Les députés du groupe Écologiste et social s’opposent fermement au gel des prestations sociales et des pensions de retraite en 2026. En choisissant de ne pas revaloriser ces revenus à hauteur de l’inflation, le Gouvernement fait le choix délibéré d’amputer le pouvoir d’achat de millions de Françaises et de Français déjà fragilisés par la hausse des prix.
Cette décision revient à faire porter l’effort budgétaire sur les foyers modestes et les classes moyennes, alors même qu’ils sont les premiers touchés par la flambée du coût de la vie : logement, alimentation, énergie, santé. À l’inverse, elle épargne les ménages les plus aisés, pour qui ces prestations représentent une part négligeable du revenu et dont le niveau de vie ne sera pas affecté.
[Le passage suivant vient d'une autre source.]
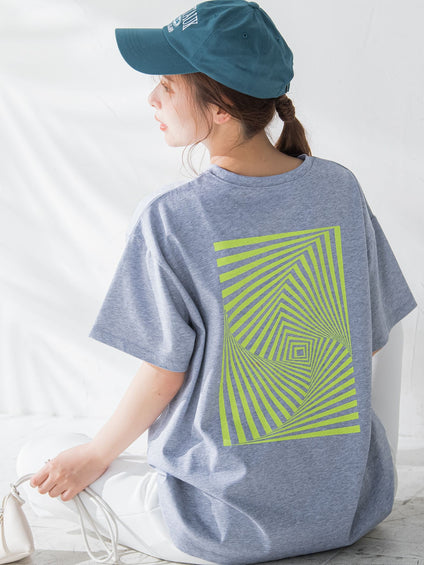 【大人も取り入れやすい1枚】アブストラクトカラーTシャツ《洗濯機で洗える》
Derrière le vernis de la rigueur budgétaire, ce gel constitue un choix politique : celui de faire peser l’effort sur les plus modestes plutôt que de demander une contribution équitable aux plus hauts revenus et aux grandes entreprises. Les prestations concernées — allocations journalières du proche aidant et allocations journalières de présence parentale — sont précisément destinées à celles et ceux qui interrompent leur activité pour s’occuper d’un enfant gravement malade, d’un parent en perte d’autonomie, ou d’un proche en situation de handicap. Les priver d’une revalorisation équitable, c’est nier la valeur de ce travail du soin, invisible mais essentiel.
Le Gouvernement justifie ce gel par la nécessité de résorber le déficit de la sécurité sociale. Mais d’autres choix sont évidemment possibles. Plutôt que d’imposer une nouvelle cure d’austérité aux ménages, le groupe Écologiste et social a fait beaucoup d’autres propositions pour dégager des recettes et notamment :
– revenir sur les exonérations massives de cotisations sociales dont bénéficient les grandes entreprises sans effet avéré sur l’emploi ;
– mettre davantage à contribution les revenus du capital, aujourd’hui bien moins taxés que ceux du travail ;
– lutter contre l’évasion et la fraude fiscales, qui privent la collectivité de plusieurs dizaines de milliards d’euros par an.
Le présent amendement vise donc à supprimer l’alinéa 13, qui prévoit la non-revalorisation des allocations journalières du proche aidant et des allocations journalières de présence parentale. Il s’agit d’un choix de justice sociale et de dignité, pour garantir que nul ne soit pénalisé pour avoir pris soin d’un proche.